Required action ▸ Leave out the pictures and print precisely the lines from the line with "O Praise the Name - O Come Let us Adore Him" to the final line of the entries, both ends included.

The input ▸
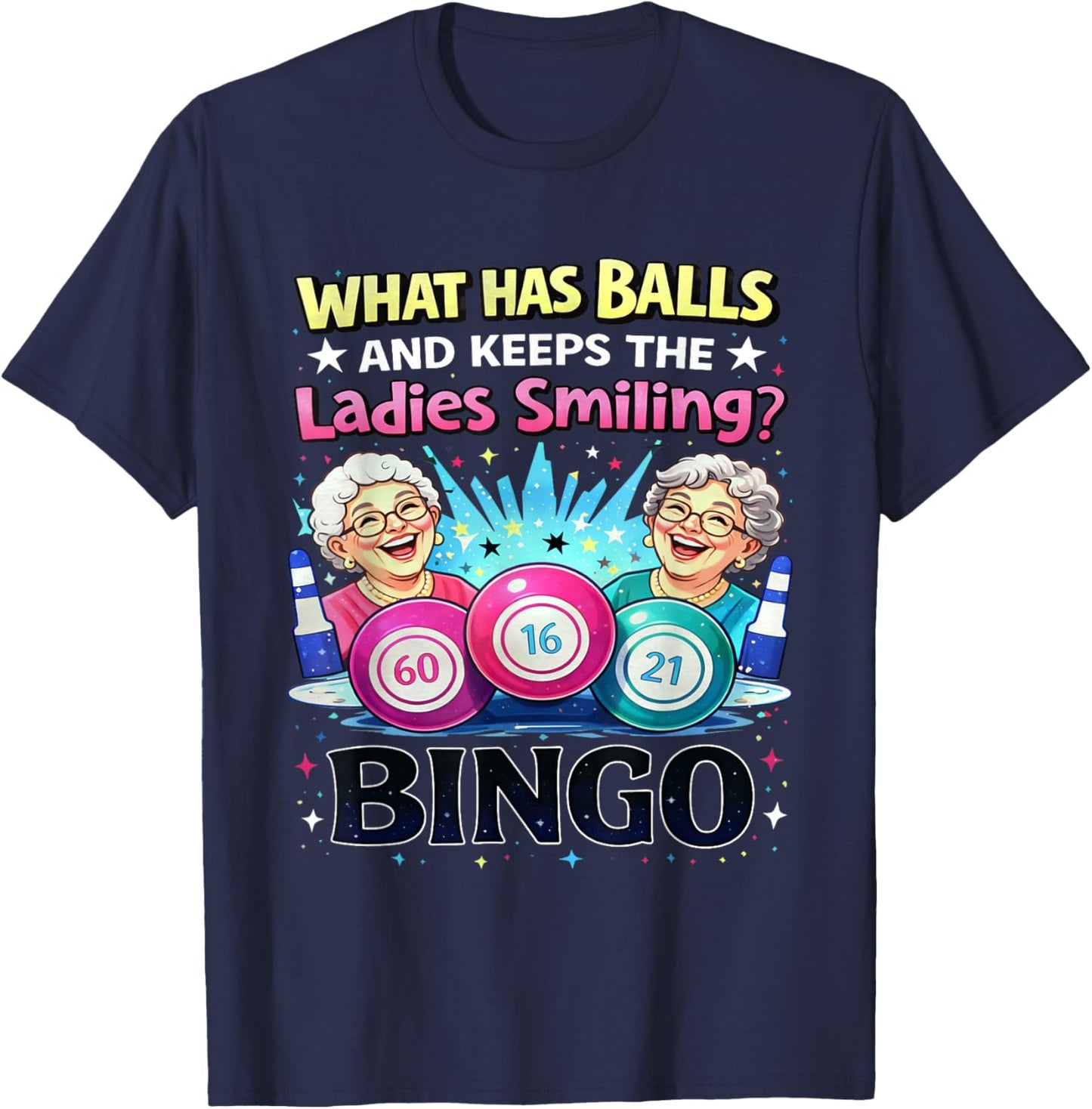 What Has Balls and Keeps The Ladies Smiling Bingo Lovers T-Shirt - T-Shirt | Navy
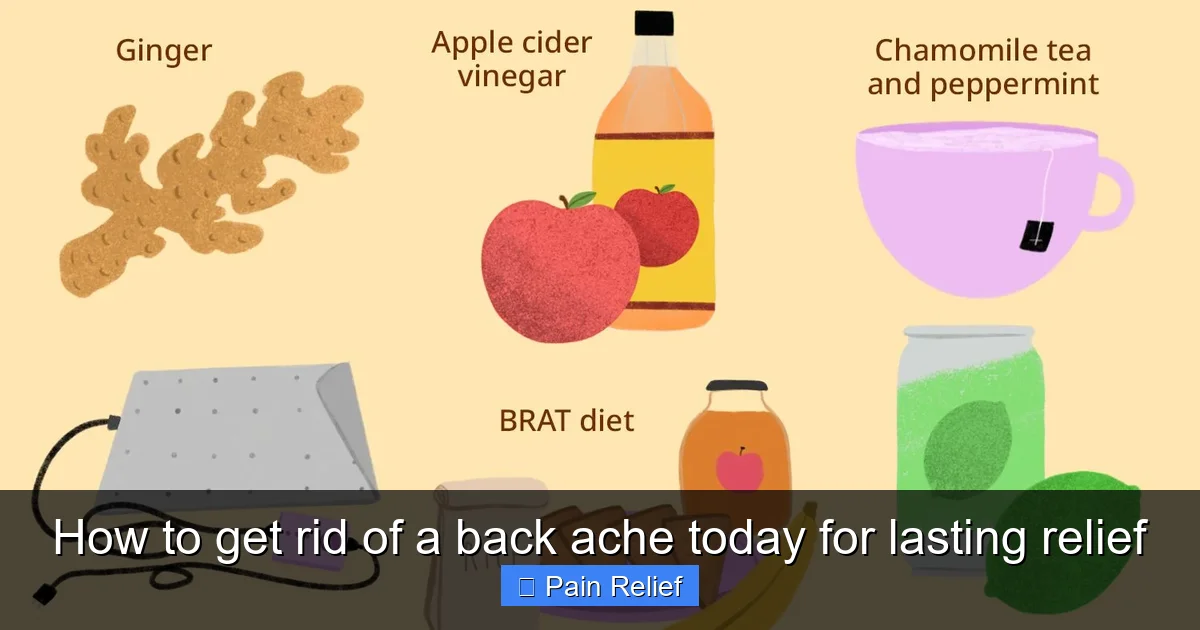 How to get rid of a back ache today for lasting relief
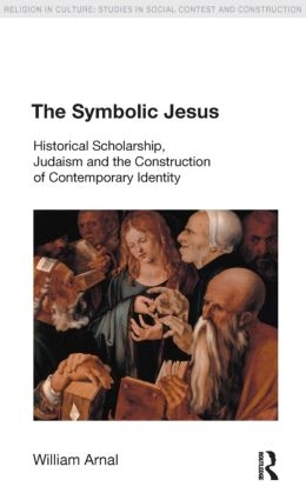 Бумажная книга «The Symbolic Jesus: Historical Scholarship, Judaism and the Construction of Contemporary Identity», автор Уильям Э. Арнал - фото №1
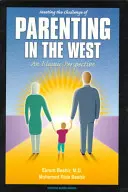 Înfruntarea provocării de a fi părinte în Occident: O perspectivă islamică - Meeting the Challenge of Parenting in the West: An Islamic Perspective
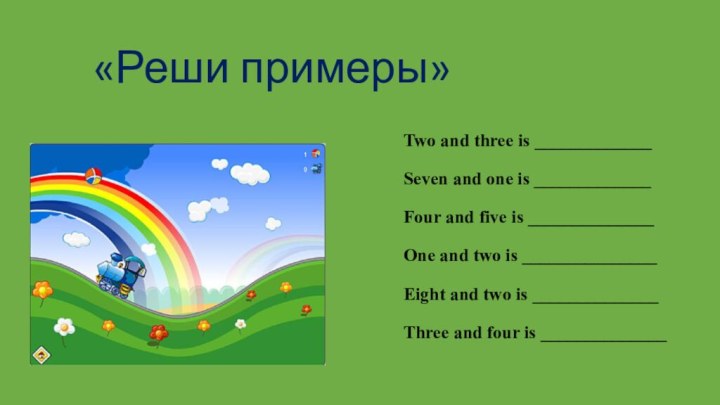 «Реши примеры»Two and three is _____________Seven and one is _____________Four and five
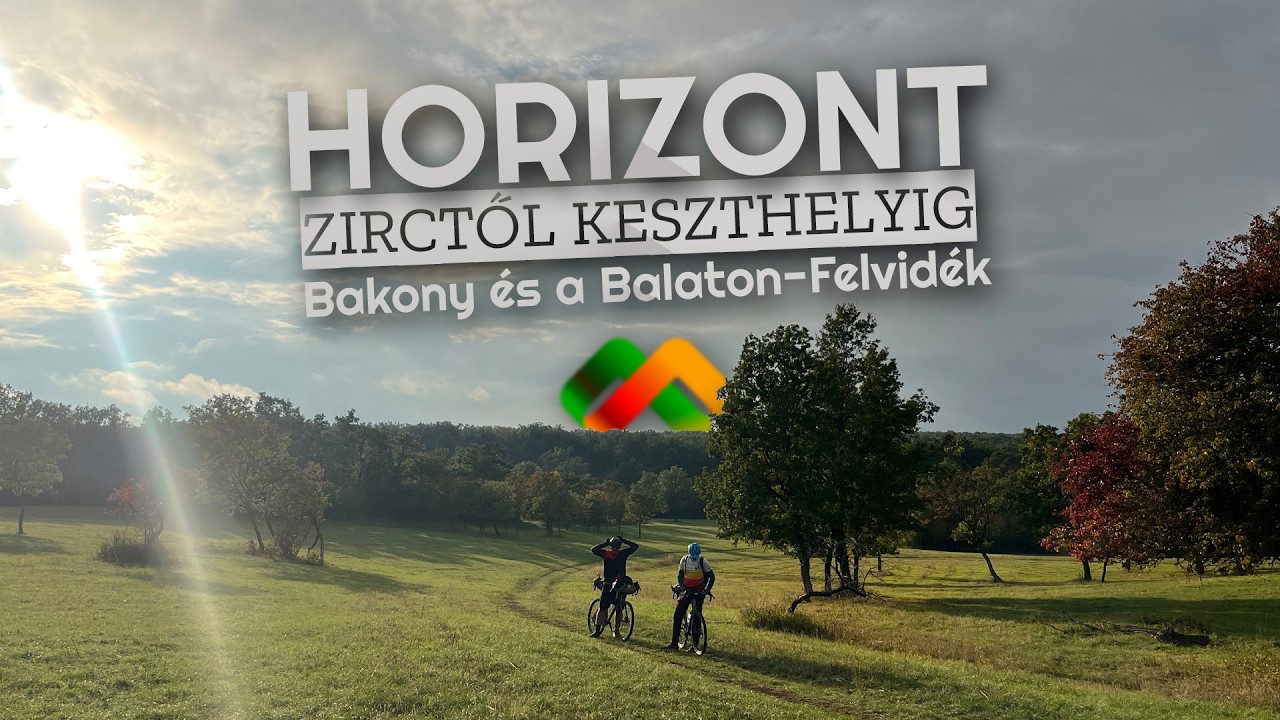 HORIZONT - a legszebb szakaszok | Bakony és a Balaton-Felvidék #kerékpár #gravel #bikepacking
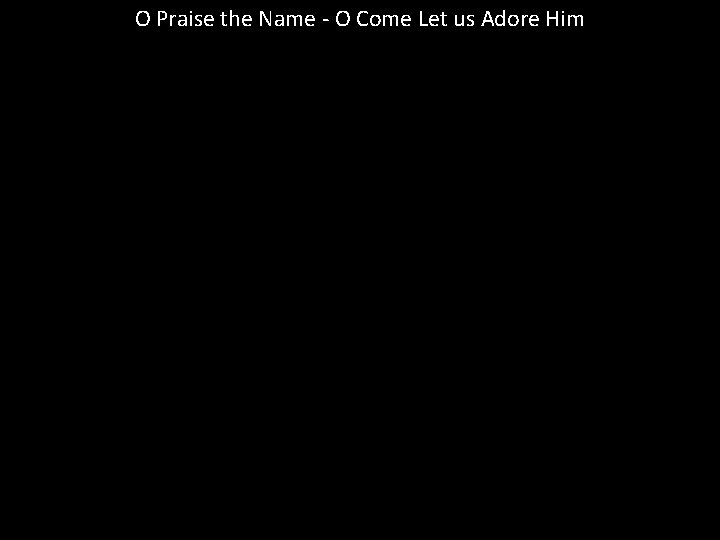 O Praise the Name - O Come Let us Adore Him 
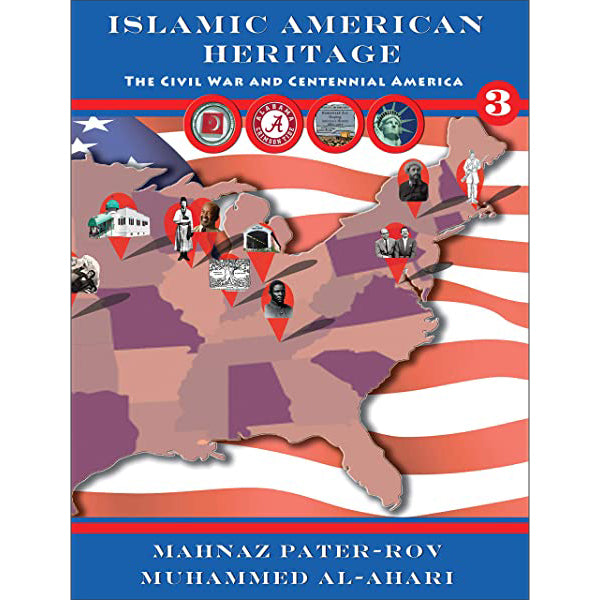 Islamic American Heritage: The Civil War and Centennial America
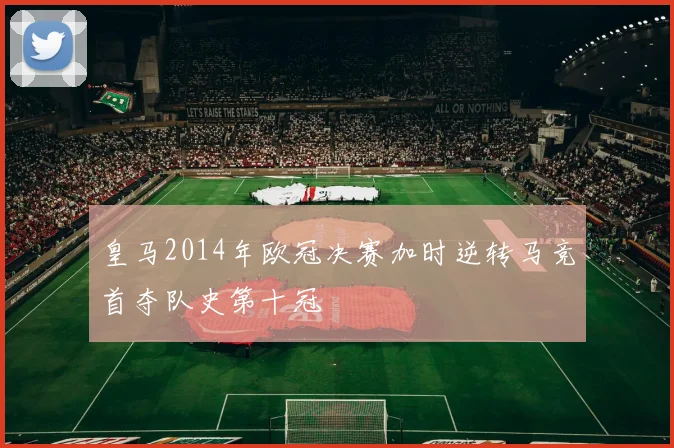 皇马2014年欧冠决赛加时逆转马竞首夺队史第十冠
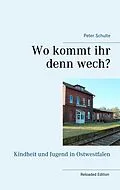 E-Book (epub) Wo kommt ihr denn wech? von Peter Schulte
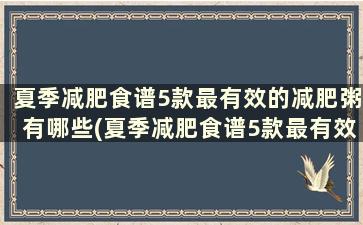 夏季减肥食谱5款最有效的减肥粥有哪些(夏季减肥食谱5款最有效的减肥粥是什么)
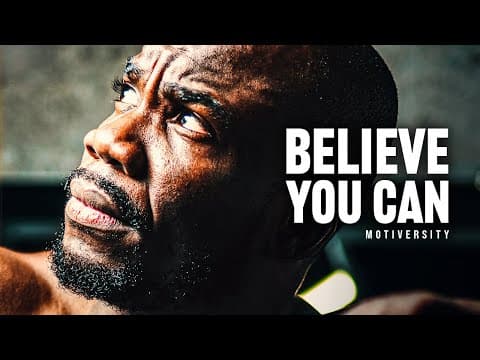 BELIEVE YOU CAN MAKE IT - Best Motivational Speech thumbnail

Task output ▸
 O Praise the Name - O Come Let us Adore Him 
 Islamic American Heritage: The Civil War and Centennial America
 皇马2014年欧冠决赛加时逆转马竞首夺队史第十冠
 E-Book (epub) Wo kommt ihr denn wech? von Peter Schulte
 夏季减肥食谱5款最有效的减肥粥有哪些(夏季减肥食谱5款最有效的减肥粥是什么)
 BELIEVE YOU CAN MAKE IT - Best Motivational Speech thumbnail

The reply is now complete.